José Reis Chaves - Diabo, satanás, lúcifer, serpente e dragão não são demônios

José Reis Chaves

Nem espíritos são, mas apenas símbolos do mal
Publicado no Jornal O TEMPO em 20/06/2011


 

Diabo, satanás, lúcifer, serpente e dragão não são demônios

A divisão do cristianismo em milhares de igrejas deve-se à instituição de doutrinas polêmicas dogmáticas pelos teólogos. A sua primeira grande divisão ocorreu em 1054, quando o arcebispo de Constantinopla Cerulário fundou a Igreja Católica Ortodoxa Oriental.

E, em fins do século XVI, foi a vez da Reforma Protestante de Lutero, que rachou de vez o cristianismo, mas contribuiu muito para com o enfraquecimento da Inquisição. E, com o surgimento do protestantismo, a Igreja realizou o Concílio Ecumênico de Trento (1545 a 1563), que corrigiu alguns de seus erros.

Na segunda metade do século XIX, Kardec, "o bom senso encarnado", tornou-se o mais importante reformador do cristianismo, pois ele ensinou, de acordo com a orientação de espíritos santos, o estudo racional da Bíblia, sem os erros e abusos das interpretações literais e metafóricas, pelo que o espiritismo é considerado o Consolador prometido por Jesus.
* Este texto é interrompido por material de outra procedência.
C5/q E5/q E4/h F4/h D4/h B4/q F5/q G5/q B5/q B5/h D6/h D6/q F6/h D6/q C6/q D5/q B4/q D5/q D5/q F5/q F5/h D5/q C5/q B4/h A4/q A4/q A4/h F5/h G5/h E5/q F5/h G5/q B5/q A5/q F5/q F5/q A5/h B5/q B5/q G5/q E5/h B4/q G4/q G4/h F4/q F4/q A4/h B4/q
E, hoje, a Igreja tem também as suas divisões: os fundamentalistas adeptos da TFP e os carismáticos. Geralmente, essas duas correntes travam as ideias inovadoras da Igreja. Por isso são frequentes os seus conflitos com os padres e até com bispos. E, hoje, os carismáticos estão descobrindo a mediunidade, pois é inevitável que haja entre eles médiuns especiais, ou seja, os que imantam (incorporam) espíritos. E muitos deles estão procurando as casas espíritas para se esclarecerem sobre os fenômenos mediúnicos (espirituais no dizer de são Paulo) que ocorrem com eles em suas reuniões, pois o dom da mediunidade não escolhe religiões. Nas palestras que faço pelo Brasil afora, tenho observado essa frequência de carismáticos nas casas espíritas. E carismático ("carismata", em grego) significa também médium.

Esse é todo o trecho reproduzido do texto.